Last updated on 2024-05-14
The WikiWatershed web application functions by being built from many frameworks and components executed within an Amazon Web Service based cloud infrastructure, most of which is not visible to the user. Its principal design goals are to allow intensive geoprocessing andcspatial modeling for arbitrarily defined geographies and to process variable user loads — all while delivering output at speeds suitable for the web. The entire software stack is open source and available on the WikiWatershed GitHub repository. The following is an explanation of what specific technology is used to achieve that goal.
9.1 Framework Diagram
A simplified architectural diagram showing these high level components.
9.2 Computation and Execution
The core functionality of the Model My Watershed web application runs on the following services and frameworks.
Amazon EC2 is the main computation service that provides CPU, memory and I/O (input/output) resources to the application code. The code and its dependencies are compiled into Amazon Machine Images (AMI) which can then be loaded onto EC2 instances and added to a fleet of servers responding to web requests and computing model results. The application decouples various processing roles from each other by isolating logical functionality into their own AMI so that scaling can happen for specific components of the system independently of each other. The main categories of server types are:
- AppServer: handles web requests and initializing modeling jobs
- Worker: handles the asynchronous execution of geoprocessing and modeling tasks
- Tiler: handles requests to generate map tiles from vector based data sources
AWS ElasticLoadBalancer (ELB) and AutoScalingGroups (ASG) are utilized to distribute web traffic to multiple EC2 instances, the number of which can be controlled through an ASG profile, which can increase the capacity of the infrastructure by adding or removing EC2 instances of any particular type.
Celery is an open source distributed task queue. Long-running geoprocessing requests are decomposed into jobs which do partial calculation concurrently across the worker machines, which are then reassembled and returned to the user.
Apache Spark is a fast and general engine for large-scale data processing with tight integration with our main geoprocessing tool, GeoTrellis (see description below).
Spark Job Server is a project providing a standard HTTP based interface into a Spark Context, allowing us to submit Scala based Spark jobs from our Python code.
Django Web Framework is a Python WSGI compatible framework that serves the backend API routes, provides an interface into the backend database, and handles our user authentication workflows.
9.3 Data Storage
Raster analysis and model data are chunked and stored as RDDs, a Spark data format, on Amazon Simple Storage Service, S3. S3 provides low latency, redundantly distributed object storage with an HTTP interface. Our source code can make use of a spatial indexing system allowing us to read subsets of the raster data to do our analyses and modelling routines.
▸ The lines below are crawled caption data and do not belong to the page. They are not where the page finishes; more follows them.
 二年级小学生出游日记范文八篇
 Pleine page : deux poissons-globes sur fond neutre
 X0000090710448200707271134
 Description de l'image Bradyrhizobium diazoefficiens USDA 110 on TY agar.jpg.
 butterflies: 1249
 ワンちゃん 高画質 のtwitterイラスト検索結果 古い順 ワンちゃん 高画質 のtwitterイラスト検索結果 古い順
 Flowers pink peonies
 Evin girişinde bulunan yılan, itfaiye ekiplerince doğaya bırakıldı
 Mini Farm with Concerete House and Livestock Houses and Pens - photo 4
Rapid Watershed Delineation requires disk access to its raster and vector input, which is stored on a snapshot of an Amazon Elastic Block Store (EBS) volume. This data volume can be attached to running instances of the Worker EC2 type as they come online.
Amazon’s Relational Database Service provides us with a general purpose database, with a PostgreSQL compatible protocol. The PostGIS spatial extension is enabled to allow us to store and query geometry data.
9.4 Geoprocessing
GeoTrellis is an open-source raster-focused geoprocessing engine. It is maintained by Element 84 but belongs to LocationTech and Eclipse Foundation open source group.
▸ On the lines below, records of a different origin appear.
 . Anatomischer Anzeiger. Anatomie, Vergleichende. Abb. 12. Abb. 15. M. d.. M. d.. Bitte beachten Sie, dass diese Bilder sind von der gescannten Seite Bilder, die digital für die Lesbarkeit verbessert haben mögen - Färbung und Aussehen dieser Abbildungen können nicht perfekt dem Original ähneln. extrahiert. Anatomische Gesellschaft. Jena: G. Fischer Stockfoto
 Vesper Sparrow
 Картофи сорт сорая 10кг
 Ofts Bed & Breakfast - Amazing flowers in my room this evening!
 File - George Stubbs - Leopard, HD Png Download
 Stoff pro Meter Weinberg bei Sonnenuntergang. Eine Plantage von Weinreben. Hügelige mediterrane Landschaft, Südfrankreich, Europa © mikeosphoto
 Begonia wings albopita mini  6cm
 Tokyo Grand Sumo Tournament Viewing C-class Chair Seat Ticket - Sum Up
- Provides raster processing at web speed
- Community support: 6,500 commits, 14 releases; 54 contributors
Windshaft is a web-based map server built on top of Mapnik, a popular vector rendering engine. Windshaft is used to convert our vector data sources into styled map images that can be overlaid or selected in the app.
9.5 Model Execution
Both the Site Storm Model and Watershed Multi-Year Model have been created as open source Python modules, available for installation from the Python Package Index.
The workflow of doing spatial analysis on both vector and raster data sources, aggregating and aligning the intermediate data input and the actual execution of the model is orchestrated through all of the technologies listed above, often in seconds, to produce the results that are provided to the user.